▶ PROBLEM REQUIREMENTS
Leave out the pictures, and retype the remaining data exactly.
>>>
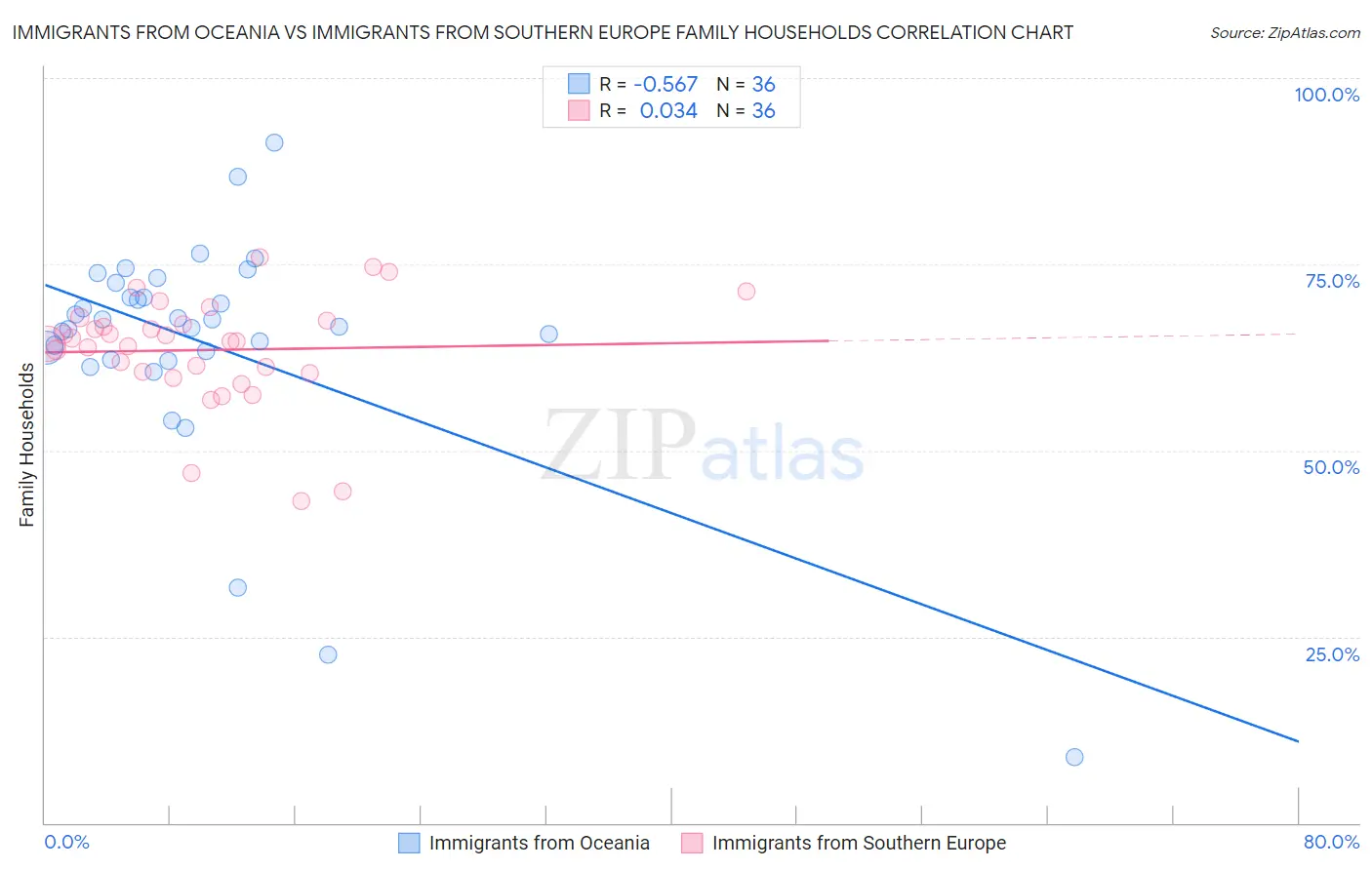 Immigrants from Oceania vs Immigrants from Southern Europe Family Households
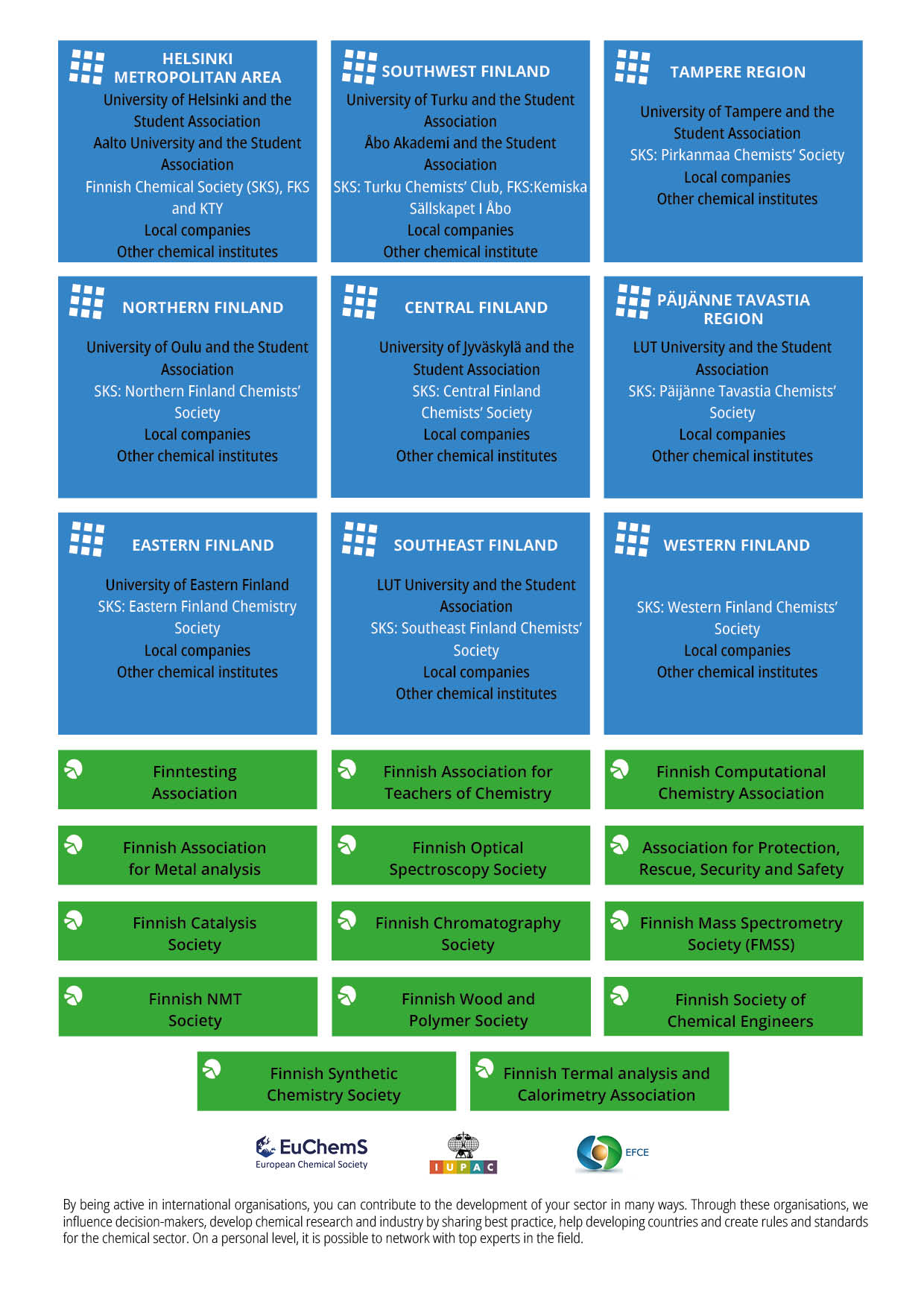 Kemian seurat esite 9_2025 ENG2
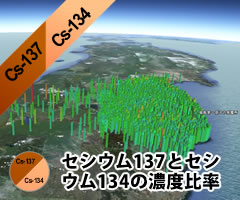 同位体比率 google earth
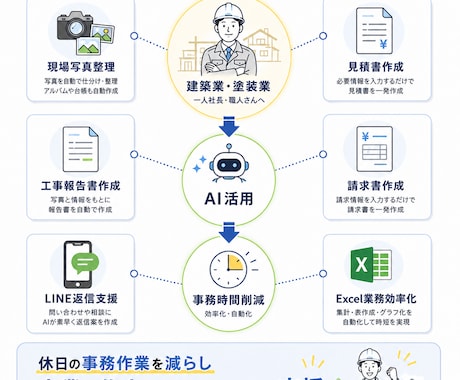 建築業の夜・休日の事務作業を効率化します 見積・写真・報告書をまとめて効率化 イメージ2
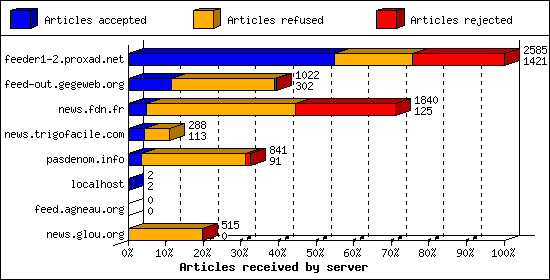 Articles received by server
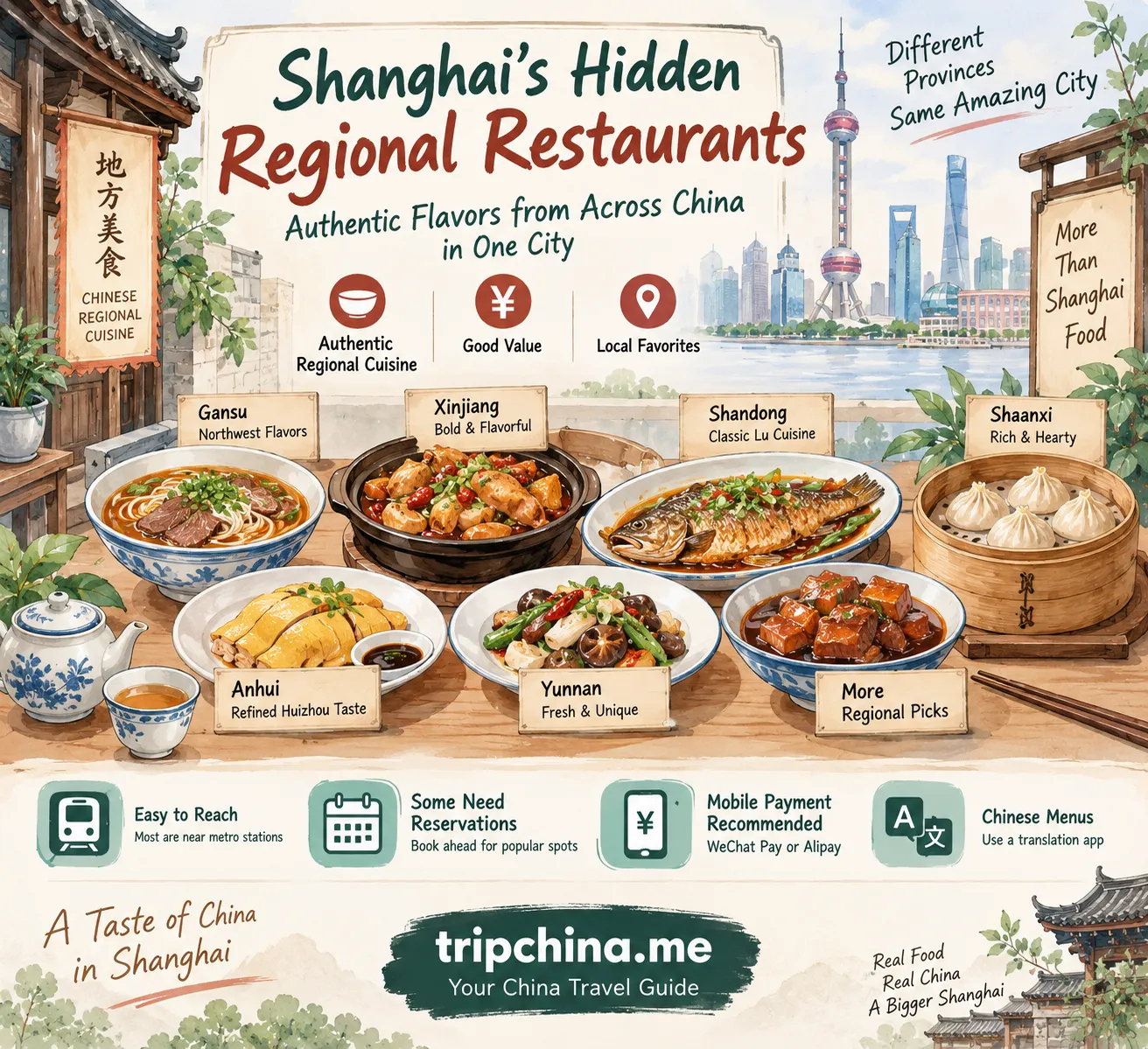 Shanghai hidden regional restaurants illustration featuring authentic Chinese food from Gansu, Yunnan, Xinjiang, Shandong, Anhui and Shaanxi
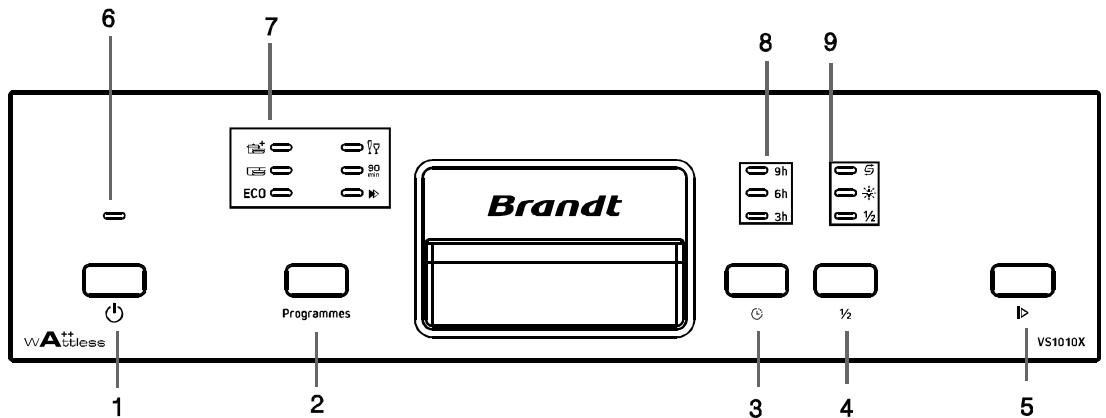 BRANDT VS1010X - Control Panel - 1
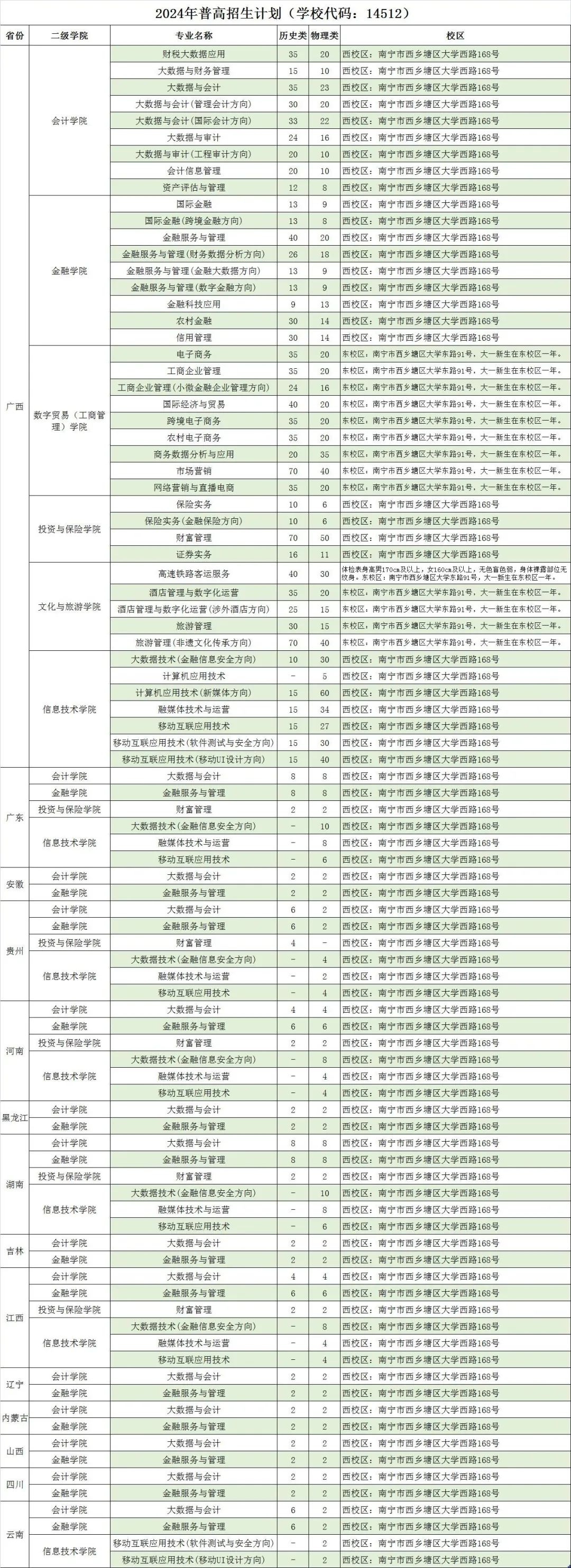 2024广西金融职业技术学院招生计划-各专业招生人数是多少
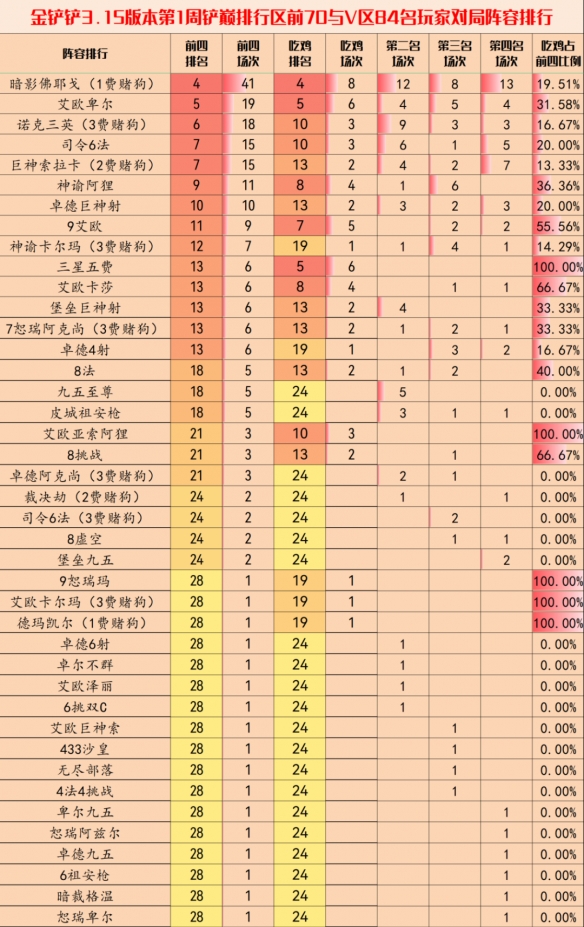 金铲铲之战3.15版本最齐全阵容推荐攻略分享,金铲铲之战3.15版本上分阵容介绍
<<<
▶ ANSWER AREA
 Immigrants from Oceania vs Immigrants from Southern Europe Family Households
 Kemian seurat esite 9_2025 ENG2
 同位体比率 google earth
 建築業の夜・休日の事務作業を効率化します 見積・写真・報告書をまとめて効率化 イメージ2
 Articles received by server
 Shanghai hidden regional restaurants illustration featuring authentic Chinese food from Gansu, Yunnan, Xinjiang, Shandong, Anhui and Shaanxi
 BRANDT VS1010X - Control Panel - 1
 2024广西金融职业技术学院招生计划-各专业招生人数是多少
 金铲铲之战3.15版本最齐全阵容推荐攻略分享,金铲铲之战3.15版本上分阵容介绍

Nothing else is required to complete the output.